I.1 Physical Picture
Consider a heterogeneous porous material saturated with liquid and subjected to continuously decreasing temperatures. As in most organisms and construction materials, suppose that the pore surfaces and suspended materials are hydrophilic and charged Jan and Chien (1973); Visser (1973); Giese (1973); McLaughlin (1977); Swartzen-Allen and Matijevic (1974); Allen et al. (2007); Pellenq et al. (2009), e.g. by the dissociation of surface functional groups or the adsorption of charged species. The large capillary pores (5 nm) are typically also filled with water, but can be replaced with other fluids such as benzene. However, the small “gel” pores (1-5 nm) are always filled with liquid water due to the strong surface charge and hydrophilicity even in benzene-loaded cement samples. Importantly, the liquid must contain dissolved salts, possibly at low concentration, as well as excess counter-ions to screen the pore surface charges and preserve overall electroneutrality. Ions in solution mediate surface forces Israelachvili (2011), which play a crucial role in the mechanical properties of concrete Pellenq et al. (1997); Delville et al. (1998); Jellander et al. (1988); Stankovich and Carnie (1996); Valleau and Cohen (1980); Pellenq and Van Damme (2004) and the function of biological systems. In most cases, the ions are assumed to have negligible solubility in the frozen solid, as is the case with pure ice.
Freezing begins in the larger “macropores” ( nm), where bulk water easily transforms to ice, slightly below the thermodynamic melting point of the solution, which may be depressed from that of the pure solvent by the dissolved salt and any anti-freeze solutes. This bulk ice can form by homogeneous nucleation, spinodal decomposition, or (most likely) by heterogeneous nucleation on impurities. Regardless of its origin, the advancing ice rejects ions, causing the salt concentration to rise in the nearby, increasingly confined liquid electrolyte.

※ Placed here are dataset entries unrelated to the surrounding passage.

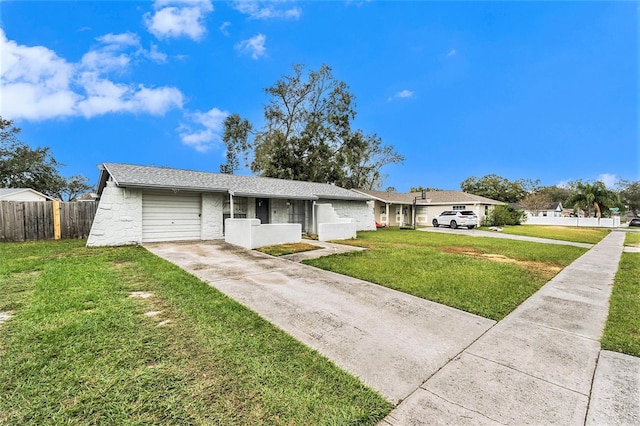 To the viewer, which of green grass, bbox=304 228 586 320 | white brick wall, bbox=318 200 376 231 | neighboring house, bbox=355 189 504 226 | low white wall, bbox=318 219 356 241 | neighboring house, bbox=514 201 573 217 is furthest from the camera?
neighboring house, bbox=514 201 573 217

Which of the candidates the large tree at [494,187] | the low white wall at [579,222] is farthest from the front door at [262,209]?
the large tree at [494,187]

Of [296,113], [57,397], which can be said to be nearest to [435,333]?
[57,397]

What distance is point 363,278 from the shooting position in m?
6.10

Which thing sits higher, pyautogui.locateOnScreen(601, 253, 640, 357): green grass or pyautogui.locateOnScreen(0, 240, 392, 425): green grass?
pyautogui.locateOnScreen(0, 240, 392, 425): green grass

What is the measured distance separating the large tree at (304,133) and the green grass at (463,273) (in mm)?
20377

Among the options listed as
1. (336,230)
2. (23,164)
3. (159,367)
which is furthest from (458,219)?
(23,164)

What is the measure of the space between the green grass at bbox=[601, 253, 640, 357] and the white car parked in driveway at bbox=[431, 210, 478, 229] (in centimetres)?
1522

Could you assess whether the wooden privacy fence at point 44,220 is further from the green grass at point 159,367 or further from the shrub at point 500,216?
the shrub at point 500,216

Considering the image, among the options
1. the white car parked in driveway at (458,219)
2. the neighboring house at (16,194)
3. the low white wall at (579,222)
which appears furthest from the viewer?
the low white wall at (579,222)

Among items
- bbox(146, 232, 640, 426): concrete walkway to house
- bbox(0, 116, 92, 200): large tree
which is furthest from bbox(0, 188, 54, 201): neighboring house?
bbox(146, 232, 640, 426): concrete walkway to house

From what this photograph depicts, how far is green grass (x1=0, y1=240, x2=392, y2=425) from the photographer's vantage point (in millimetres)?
1980

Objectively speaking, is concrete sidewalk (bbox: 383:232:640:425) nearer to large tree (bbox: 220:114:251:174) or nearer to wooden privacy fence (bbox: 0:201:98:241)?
wooden privacy fence (bbox: 0:201:98:241)

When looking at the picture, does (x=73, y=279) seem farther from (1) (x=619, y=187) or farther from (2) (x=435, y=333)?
(1) (x=619, y=187)

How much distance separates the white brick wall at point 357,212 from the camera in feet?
58.7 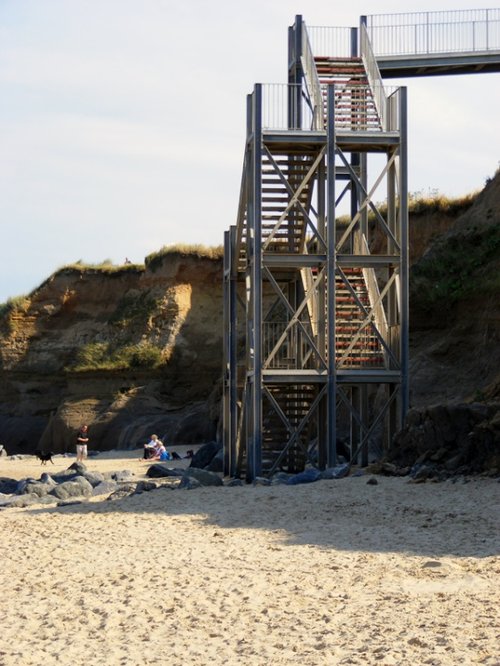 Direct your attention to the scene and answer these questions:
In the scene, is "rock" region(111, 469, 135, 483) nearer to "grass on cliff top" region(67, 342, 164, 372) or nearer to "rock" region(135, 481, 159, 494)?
"rock" region(135, 481, 159, 494)

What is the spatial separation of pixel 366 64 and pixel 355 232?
383cm

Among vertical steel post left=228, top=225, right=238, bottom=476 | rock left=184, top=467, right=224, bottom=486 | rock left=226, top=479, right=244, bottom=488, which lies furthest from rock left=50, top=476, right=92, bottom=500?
vertical steel post left=228, top=225, right=238, bottom=476

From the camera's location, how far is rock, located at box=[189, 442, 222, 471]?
108ft

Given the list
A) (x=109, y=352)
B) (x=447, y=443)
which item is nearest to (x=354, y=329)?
(x=447, y=443)

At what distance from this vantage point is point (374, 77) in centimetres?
2719

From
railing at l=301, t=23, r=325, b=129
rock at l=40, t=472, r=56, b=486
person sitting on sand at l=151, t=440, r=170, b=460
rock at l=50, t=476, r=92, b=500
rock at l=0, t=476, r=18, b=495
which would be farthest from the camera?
person sitting on sand at l=151, t=440, r=170, b=460

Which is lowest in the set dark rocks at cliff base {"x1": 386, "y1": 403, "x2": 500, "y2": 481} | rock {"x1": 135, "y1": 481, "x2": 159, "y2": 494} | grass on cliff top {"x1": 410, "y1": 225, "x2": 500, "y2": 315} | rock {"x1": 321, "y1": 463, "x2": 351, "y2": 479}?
rock {"x1": 135, "y1": 481, "x2": 159, "y2": 494}

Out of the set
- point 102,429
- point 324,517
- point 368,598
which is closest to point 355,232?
point 324,517

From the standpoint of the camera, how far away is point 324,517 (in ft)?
57.9

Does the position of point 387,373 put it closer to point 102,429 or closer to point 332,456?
point 332,456

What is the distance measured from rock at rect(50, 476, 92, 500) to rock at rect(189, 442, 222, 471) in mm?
7809

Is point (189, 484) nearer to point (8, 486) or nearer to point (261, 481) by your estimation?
point (261, 481)

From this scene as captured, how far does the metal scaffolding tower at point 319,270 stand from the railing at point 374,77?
30 mm

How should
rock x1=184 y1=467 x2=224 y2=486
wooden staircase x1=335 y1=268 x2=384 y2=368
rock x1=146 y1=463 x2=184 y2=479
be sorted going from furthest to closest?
rock x1=146 y1=463 x2=184 y2=479
wooden staircase x1=335 y1=268 x2=384 y2=368
rock x1=184 y1=467 x2=224 y2=486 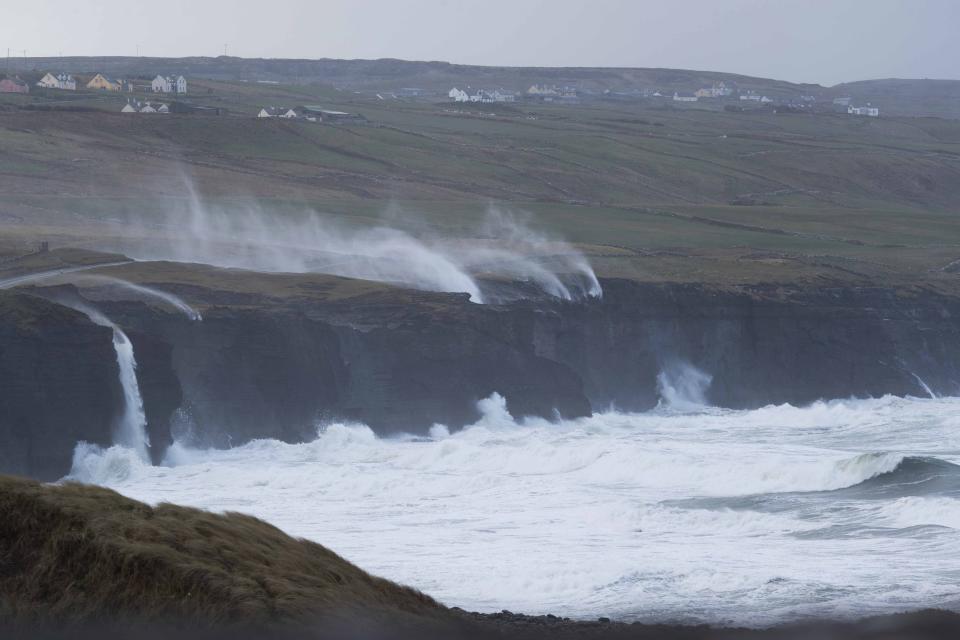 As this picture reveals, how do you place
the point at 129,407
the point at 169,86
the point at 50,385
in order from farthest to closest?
the point at 169,86, the point at 129,407, the point at 50,385

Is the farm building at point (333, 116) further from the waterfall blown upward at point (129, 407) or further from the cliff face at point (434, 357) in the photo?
the waterfall blown upward at point (129, 407)

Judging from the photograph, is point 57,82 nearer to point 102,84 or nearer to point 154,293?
point 102,84

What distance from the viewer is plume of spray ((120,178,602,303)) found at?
6656 centimetres

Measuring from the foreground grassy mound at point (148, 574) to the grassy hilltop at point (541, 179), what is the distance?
4579 cm

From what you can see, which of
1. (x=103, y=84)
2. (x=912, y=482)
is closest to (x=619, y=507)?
(x=912, y=482)

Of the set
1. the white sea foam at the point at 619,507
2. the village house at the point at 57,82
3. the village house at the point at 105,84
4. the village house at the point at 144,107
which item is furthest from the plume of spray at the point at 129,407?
the village house at the point at 105,84

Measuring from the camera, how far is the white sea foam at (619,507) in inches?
1020

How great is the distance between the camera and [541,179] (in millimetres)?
115250

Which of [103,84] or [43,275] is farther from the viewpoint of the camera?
[103,84]

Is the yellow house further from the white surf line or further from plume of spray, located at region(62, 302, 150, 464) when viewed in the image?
plume of spray, located at region(62, 302, 150, 464)

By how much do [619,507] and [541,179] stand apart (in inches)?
3174

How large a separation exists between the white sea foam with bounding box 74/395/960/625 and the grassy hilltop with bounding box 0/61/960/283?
19244 millimetres

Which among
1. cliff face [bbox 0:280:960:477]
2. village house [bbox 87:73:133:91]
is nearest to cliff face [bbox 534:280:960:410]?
cliff face [bbox 0:280:960:477]

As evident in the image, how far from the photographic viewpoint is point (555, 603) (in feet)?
83.1
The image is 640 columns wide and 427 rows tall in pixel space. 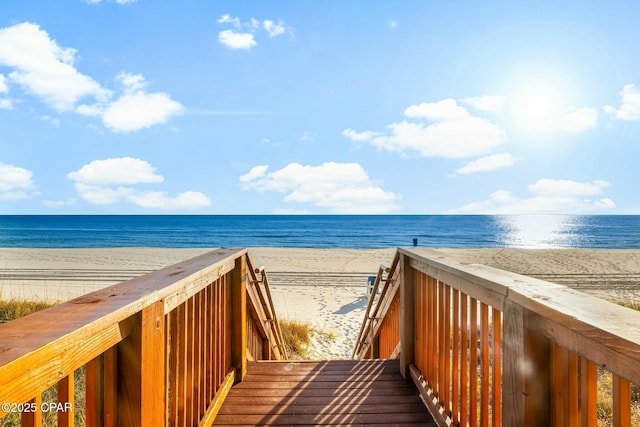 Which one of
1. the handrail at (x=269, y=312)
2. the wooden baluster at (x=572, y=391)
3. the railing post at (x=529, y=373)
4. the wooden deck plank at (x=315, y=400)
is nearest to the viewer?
the wooden baluster at (x=572, y=391)

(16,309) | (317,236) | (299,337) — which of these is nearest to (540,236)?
(317,236)

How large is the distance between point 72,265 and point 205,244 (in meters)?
18.1

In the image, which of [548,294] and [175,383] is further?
[175,383]

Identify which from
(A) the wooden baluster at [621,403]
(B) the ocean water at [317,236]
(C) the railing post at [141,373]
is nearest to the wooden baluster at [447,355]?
(A) the wooden baluster at [621,403]

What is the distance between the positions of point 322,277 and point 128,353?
14.9 metres

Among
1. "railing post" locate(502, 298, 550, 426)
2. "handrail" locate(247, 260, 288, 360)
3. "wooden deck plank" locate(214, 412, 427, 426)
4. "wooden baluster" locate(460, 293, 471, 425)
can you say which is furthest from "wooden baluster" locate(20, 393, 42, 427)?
"handrail" locate(247, 260, 288, 360)

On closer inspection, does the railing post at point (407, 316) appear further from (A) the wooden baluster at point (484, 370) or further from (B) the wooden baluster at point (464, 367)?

What happens next depends on the degree of supercooling, the surface charge and importantly the pore connectivity. As shown in Figure 1(a), even after partial freezing, an individual pore may remain open, allowing ions and water molecules to exchange freely with a reservoir of bulk solution via a percolating liquid path to neighboring unfrozen pores or an external bath (Torquato, 2013; Van Brakel, 1975; Quiblier, 1984; Pinson et al., 2018; Gu and Bazant, 2018). In this scenario, the liquid electrolyte and any solid ice within the pore remain in quasi-equilibrium with the bulk reservoir at constant chemical potential. The connected path to the reservoir may pass through liquid-saturated pores, or partially frozen pores with sufficiently thick liquid films to allow unhindered transport.

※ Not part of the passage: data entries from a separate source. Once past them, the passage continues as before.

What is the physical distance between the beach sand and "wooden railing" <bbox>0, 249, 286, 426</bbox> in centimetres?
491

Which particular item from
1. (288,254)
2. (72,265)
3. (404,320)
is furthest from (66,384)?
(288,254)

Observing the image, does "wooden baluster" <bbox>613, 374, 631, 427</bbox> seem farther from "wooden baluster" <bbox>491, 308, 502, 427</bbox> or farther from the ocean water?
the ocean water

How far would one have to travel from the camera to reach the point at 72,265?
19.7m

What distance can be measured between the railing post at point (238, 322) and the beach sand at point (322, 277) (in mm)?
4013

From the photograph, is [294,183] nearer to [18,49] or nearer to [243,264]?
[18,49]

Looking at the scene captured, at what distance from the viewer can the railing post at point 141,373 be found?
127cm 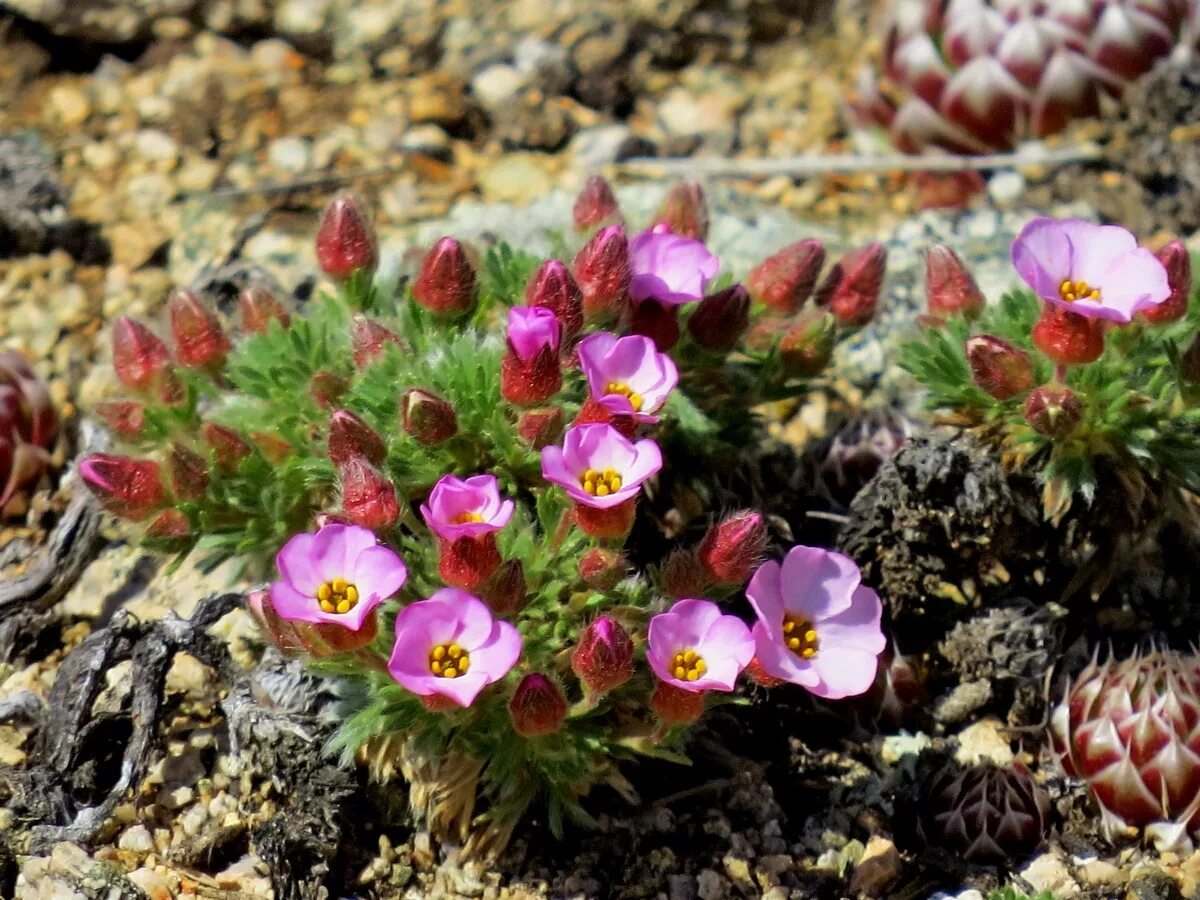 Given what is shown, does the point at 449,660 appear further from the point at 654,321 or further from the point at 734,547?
the point at 654,321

As freezing proceeds, many ions and water molecules will inevitably be trapped out of global equilibrium, although still in local quasi-equilibrium within each nanoscale pore. The simplest case is that of a pore connected to external reservoir only via a bottleneck, sketched in Fig. 1(b). Water molecules that are not closely associated with ions can still go through the bottleneck, with a possibly different viscosity. The bottleneck may block solvated ions (with their solvation shells) from passing by steric hindrance or charge exclusion. Even if some solvated ions can diffuse through a given bottleneck, their electrokinetic transport rate may be too slow to allow many to escape prior to more complete freezing (Biesheuvel and Bazant, 2016; Peters et al., 2016; Catalano et al., 2016). Such slow ion transport may be enhanced by long, tortuous pathways through a series of bottlenecks (Yossifon et al., 2006; Pennathur and Santiago, 2005; Chang et al., 2012; Yossifon et al., 2009a) and compounded by a large volume of micropores, effectively cut off from the macropores with insufficient time for salt release, in materials of low pore-space accessivity (Gu and Bazant, 2018). Even in relatively well connected porous structures, nanofluidic salt trapping can also result from bottlenecks created by the advancing ice, as shown in Figure 1(c), where the larger open pore on the right side freezes almost completely first. Due to the surface hydrophilicity, a supercooled liquid film often remains between the pore surface and the ice core prior to complete freezing (Gelb et al., 1999; Denoyel and Pellenq, 2002; Bonnaud et al., 2010), which is now the only pathway for water and ions in the smaller pore shown on the left side. As temperature decreases further, ice formation starts in the left pore, but transport of solvated ions through the thin liquid film is now slow, and the entropy of these confined ions builds up a pressure. In biological cells, as shown in Figure 1(d), electrolytes are contained within the cell walls, and nanofluidic salt trapping is facilitated by the charged cytoskeleton and abundant charged macromolecules (including cryo-resistant proteins). Internal salt concentrations are also actively maintained by ion channels and pumps in the cell membrane (Bertil, 1992).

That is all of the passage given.